Microsoft Has Spent Billions Towards AI

Meanwhile, despite investing billions of dollars towards AI, most tech companies are yet to effectively monetize their investments and Microsoft is no exception. Microsoft stock fell 6% after it reported its September quarter earnings last week as while its earnings were better than expected its guidance for the December quarter trailed estimates.

Microsoft reported revenues between $68.1 billion and $69.1 billion for the current quarter which implies a YoY rise of a mere 10.6%. It fell short of the $69.8 billion that analysts were expecting. The company also said that it will book a $1.5 billion loss in the current quarter predominantly on its investment in OpenAI. The company has invested over $13 billion in the ChatGPT parent and is committed to investing more over a multi-year horizon.

OpenAI has been posting absolutely massive losses and is expected to lose $5 billion in 2024 on revenues of $3.7 billion. That said, while the company’s losses have been widening, its revenues are also growing at a brisk pace with sales expected to more than triple to $11.6 billion in 2025.

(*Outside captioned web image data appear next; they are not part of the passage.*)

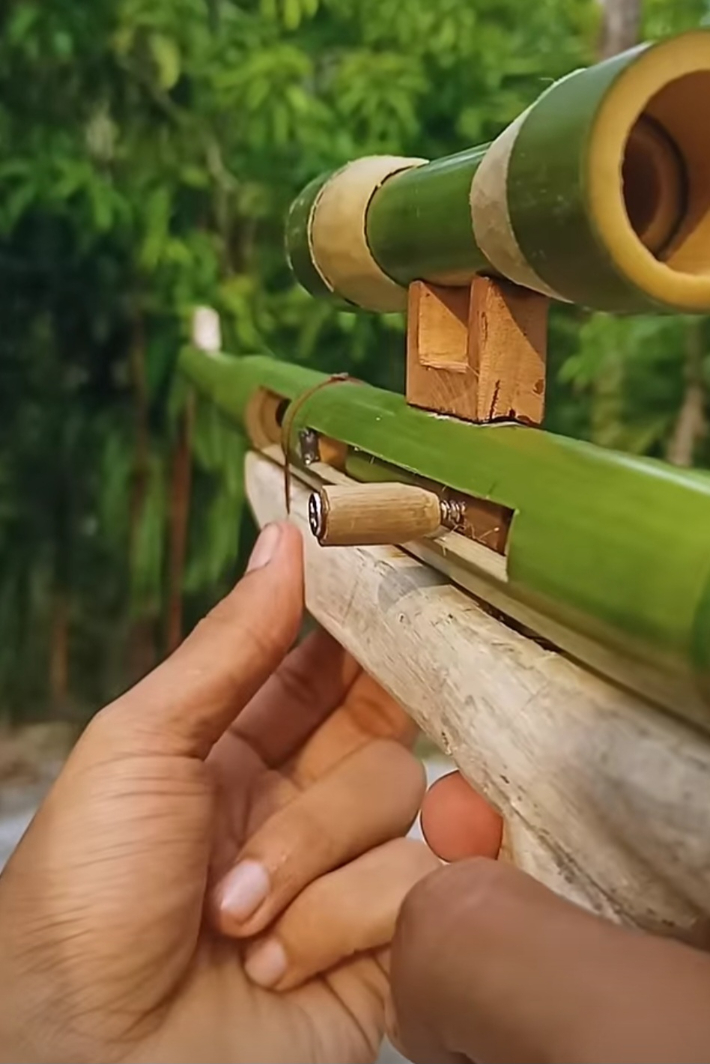 대나무통으로 만든 사제 총기. 온라인 커뮤니티 캡처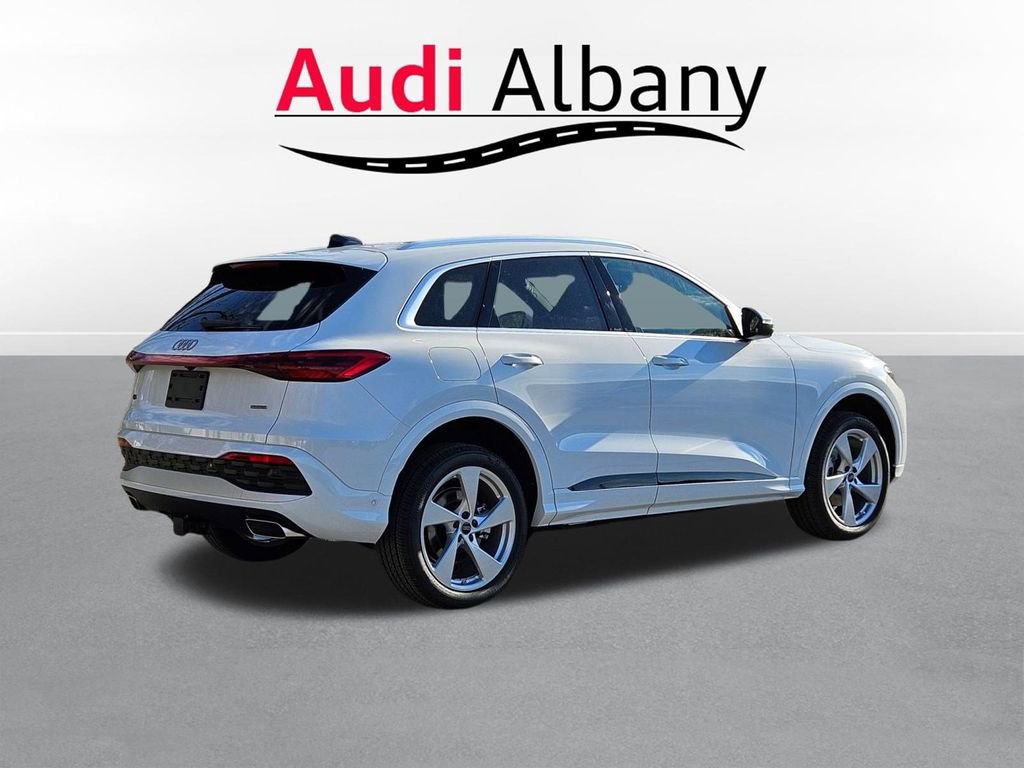 New 2025 Audi Q5 Premium Plus image 4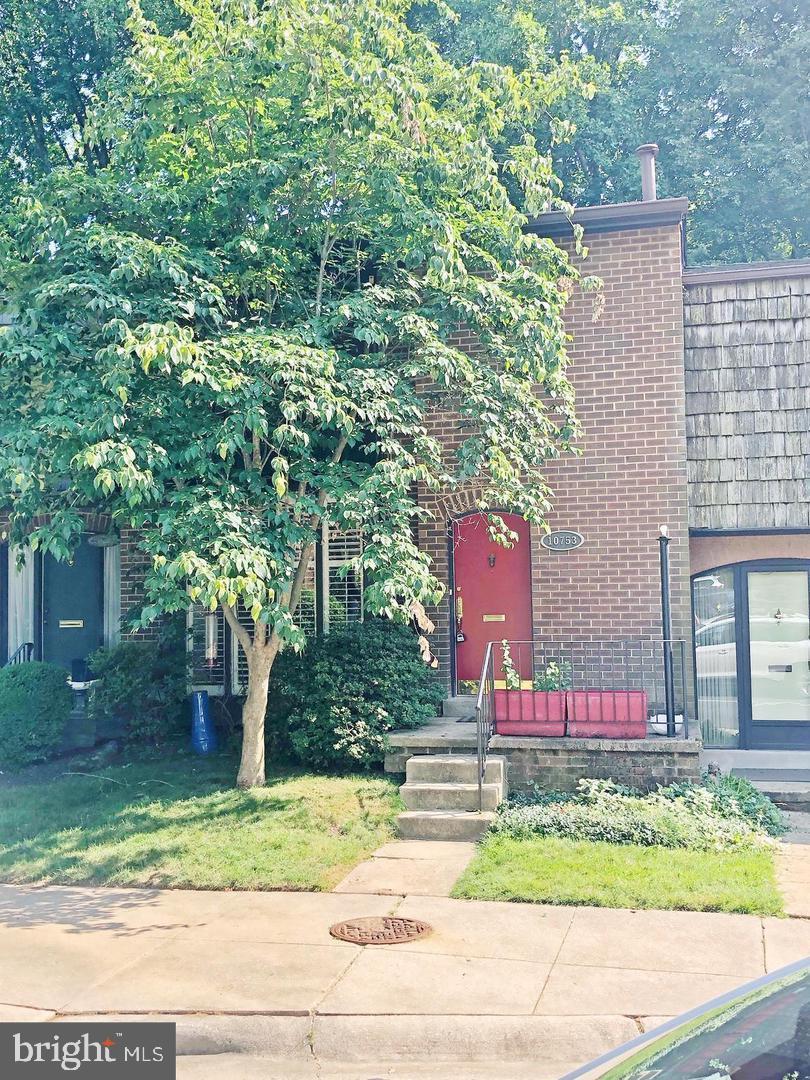 INVERNESS FOREST - Residential Lease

Microsoft Is Upbeat on Its OpenAI Investment

Since Microsoft reports its investment in OpenAI using the equity method, the company needs to recognize its share of losses in OpenAI in its own income statement.

During the earnings call last month, Microsoft was quite upbeat on AI – just as other tech giants are. “We are seeing AI drive a fundamental change in the business applications market as customers shift from legacy apps to AI-first business processes,” said Microsoft CEO Satya Nadella during the earnings call.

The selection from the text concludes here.